Tardé en darme cuenta porque durante un tiempo esa mujer me sorbió el seso. Debo reconocer que por unos meses pensé que estaba enamorado de ella. Solía llevar a mi garita las gruesas carpetas que contenían la documentación de los asuntos que debía estudiar y me transmitía las órdenes del socio para el que trabajaba (uno de los hijos de Fulano), tarea que aquel no se dignaba hacer en persona. Eso nos produjo algún quebradero de cabeza porque Salomé confundía los términos con facilidad: demanda, denuncia, querella, procedimiento, para ella eran más o menos lo mismo: papeles. Pero nos daba pie para charlar. Siempre me sonreía, me dirigía algunas frases amables y encontraba un tema de conversación, algo pequeño en lo que ocupar no más de cinco minutos. Curiosamente, jamás hablaba del tiempo, tema socorrido donde los haya. En resumen: que se abría paso hasta ti por entre tus rutinas poniendo un punto de alegría a tu alrededor.

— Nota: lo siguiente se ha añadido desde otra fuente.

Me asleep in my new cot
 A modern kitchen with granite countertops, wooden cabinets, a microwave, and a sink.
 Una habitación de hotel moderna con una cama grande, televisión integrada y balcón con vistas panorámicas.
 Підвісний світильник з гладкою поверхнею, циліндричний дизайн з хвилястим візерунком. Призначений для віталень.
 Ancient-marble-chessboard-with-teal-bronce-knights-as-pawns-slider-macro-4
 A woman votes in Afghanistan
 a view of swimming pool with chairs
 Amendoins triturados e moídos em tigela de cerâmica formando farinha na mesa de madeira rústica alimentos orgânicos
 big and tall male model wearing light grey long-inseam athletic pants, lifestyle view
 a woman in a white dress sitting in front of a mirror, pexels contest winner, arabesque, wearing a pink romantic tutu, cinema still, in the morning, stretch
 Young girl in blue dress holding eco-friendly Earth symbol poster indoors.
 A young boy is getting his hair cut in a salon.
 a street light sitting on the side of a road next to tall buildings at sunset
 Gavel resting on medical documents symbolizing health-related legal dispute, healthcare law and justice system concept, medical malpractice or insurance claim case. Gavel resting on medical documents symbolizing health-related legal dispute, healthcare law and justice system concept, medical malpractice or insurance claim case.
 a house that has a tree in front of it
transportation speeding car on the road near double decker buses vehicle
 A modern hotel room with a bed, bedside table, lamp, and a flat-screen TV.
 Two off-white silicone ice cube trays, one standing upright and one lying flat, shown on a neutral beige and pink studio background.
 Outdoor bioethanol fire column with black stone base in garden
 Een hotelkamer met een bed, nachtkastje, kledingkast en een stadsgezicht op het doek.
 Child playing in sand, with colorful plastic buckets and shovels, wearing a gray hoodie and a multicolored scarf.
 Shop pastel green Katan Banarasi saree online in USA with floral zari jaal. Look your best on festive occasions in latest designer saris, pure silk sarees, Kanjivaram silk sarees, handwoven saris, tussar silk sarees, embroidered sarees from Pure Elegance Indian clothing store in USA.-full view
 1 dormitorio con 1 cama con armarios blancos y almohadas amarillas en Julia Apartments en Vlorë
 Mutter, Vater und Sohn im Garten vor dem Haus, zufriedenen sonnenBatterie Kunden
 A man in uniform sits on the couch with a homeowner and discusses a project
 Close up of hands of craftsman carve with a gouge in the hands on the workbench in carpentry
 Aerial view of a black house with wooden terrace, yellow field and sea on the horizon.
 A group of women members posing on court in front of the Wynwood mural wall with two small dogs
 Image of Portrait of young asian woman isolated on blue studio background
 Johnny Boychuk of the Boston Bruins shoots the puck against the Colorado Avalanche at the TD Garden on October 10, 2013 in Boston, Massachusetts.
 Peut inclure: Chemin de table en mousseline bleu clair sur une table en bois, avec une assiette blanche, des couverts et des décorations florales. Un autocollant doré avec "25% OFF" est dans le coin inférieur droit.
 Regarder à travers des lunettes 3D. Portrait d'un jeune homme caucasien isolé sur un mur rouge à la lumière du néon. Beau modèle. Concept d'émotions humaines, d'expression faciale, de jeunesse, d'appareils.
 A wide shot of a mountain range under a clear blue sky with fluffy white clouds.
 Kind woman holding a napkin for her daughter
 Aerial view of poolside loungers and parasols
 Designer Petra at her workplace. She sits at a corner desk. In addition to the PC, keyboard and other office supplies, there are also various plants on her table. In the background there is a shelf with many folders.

Poco después, me di cuenta de que yo no tenía la exclusiva. Es así con todo el mundo: no deja a nadie sin su cuota de palabras. De hecho, con el transcurso de los meses en Romaní y asociados, he descubierto que la gran pasión de Salomé, además de buscar a su príncipe azul, es hablar. Reconozco que me cautiva ser testigo de ese arte suyo de convertir cada historia, incluso la más minúscula, en el argumento de una novela o en el guion de una película. Les aseguro que lo domina. Continúa hablando, incluso cuando no tiene de qué, sin aburrirte nunca. Opina de política, de economía, de sociedad, de fútbol… y de derecho sin pudor alguno.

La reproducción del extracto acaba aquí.